I believe you are in the majority on this. But when I think it
all through,
I still feel that consolidation of GUID issuance will be more
advantageous
in the long term.
Nope. You'll have to try harder to convince me :-)
Wasn't trying to convince you....just signaling that you had yet to convince me! :-)
I can see the discussions will be lively in Christchurch... :-)
If I read you correctly, I gather you are saying that the issuance of numbers would be distributed and isolated, but the issuers
would fall under
a centralized authority. I'm not sure I understand why this system is necessarily advantageous over a centralized issuer.
Because there's no single point of failure, it is more scalable, and in the (unlikely) event the centralized authority no longer exists, it would be a fairly trivial matter to delegate root authority to another tusted party.
O.K., I can see that. But in the world I described, the only affect of a failure would be an inability to retrieve new IDs -- all existing ID's would still be resolvable at any of the dozens or hundreds of mirror sites. Moreover, I would assume that the server that issued the numbers would be designed to be as reliable as possible (think NYSE). In the event that the centralized authority no longer exists, it would be, as you say, a trivial matter to delegate number issuance to another "trusted" mirror site.
Also, what of my point that a dataset containing ID's with heterogenous sources would allow *ALL* sources to be single points of failure? Is it not true that an LSID would require that the issuing domain be online in order to retrieve the data associated with the ID? So if my dataset included IDs from 15 issuing domains, all 15 would need to be active at the time I run my query in order to get a complete return of data? This seems like an even less robust system.

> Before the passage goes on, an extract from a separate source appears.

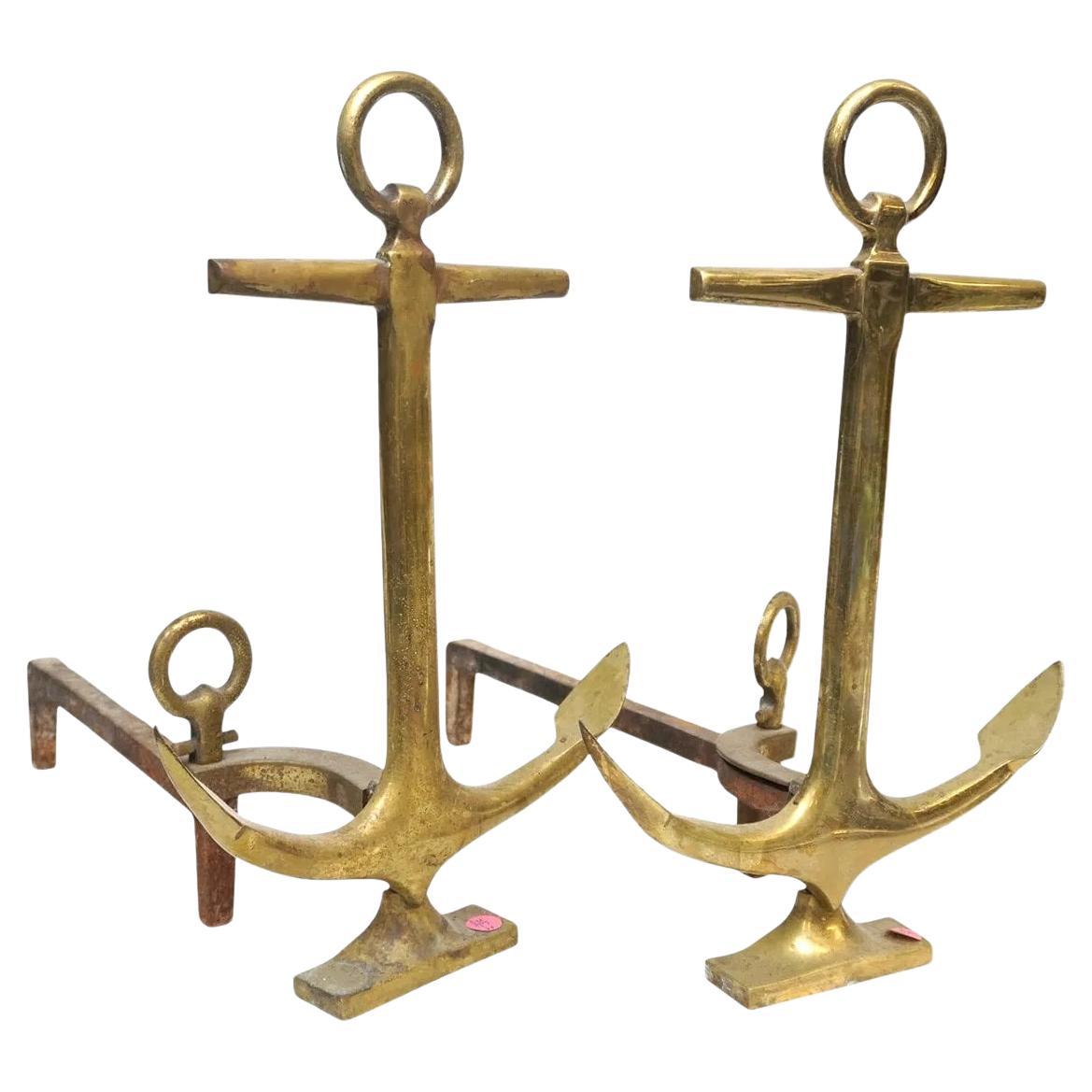 a pair of fine Brass Anchor andirons, circa 1950's
original design, fine quality , great functionality , aged patina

It is quite likely that there will be multiple LSID generators and issuers. There is no real reason why this should be prevented, except to ensure that appropriate measures are taken to avoid duplication of GUIDs for the same object (taxonomic concept in this case).

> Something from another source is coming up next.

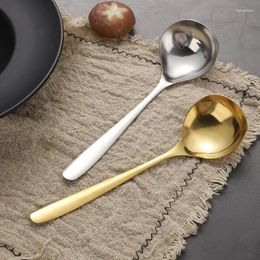 Spoons Stainless Steel Head Long Handle Solid Color Spoon Seasoning Pot Round Porridge Tao Oil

Actually, I was talking about Taxonomic Names, specifically --
but if Names
are considered as represented by a subset of Concepts (as I
hope they will
be), then it's the same GUID pool.
Not sure what you mean here- If Joe enters a citation someplace and Rich uses it's LSID within a Taxonomic Object he entered, why does it have to be in the same pool? As long as the LSID resolved to the appropriate object, all would be good.
No....Reference IDs (I assume by "citation", you mean what I mean when I say "Reference"?) would be a different pool from Names.
What I meant was, in my world "Name" Id's would be drawn from the same pool of Name+Reference IDs that Concept IDs would be. In other words, there would be one pool of IDs for Name+Reference instances. A subset of these would be Concept-bearing Name+Reference instances. And a subset of the Concept-bearing instances (sub-subset of Name+Reference instances) would be Name-bearing instances. Those Name-bearing instances would be the "Name" component of other Name+Reference instances. It's a recursive relationship, via well-defined subtypes. But this is an entirely separate topic of discussion, having more to do with the question of "what is the essence of a taxonomic concept", and "what is the essence of a taxonomic name" -- that is tangential to the more general discussion at hand.
Yeah, but it really concerns me having a single point of failure for such a critical system.
As I described above, it doesn't have to be a single point of failure, and the only "failure" would be a delay in receiving new ID's. And there could be a defined "chain of command" such that if the primary server (ID issuer) goes down, the calls are automatically re-routed to the next mirror in the chain of command, which then automatically assumes authority for issuing numbers....and so on down the chain.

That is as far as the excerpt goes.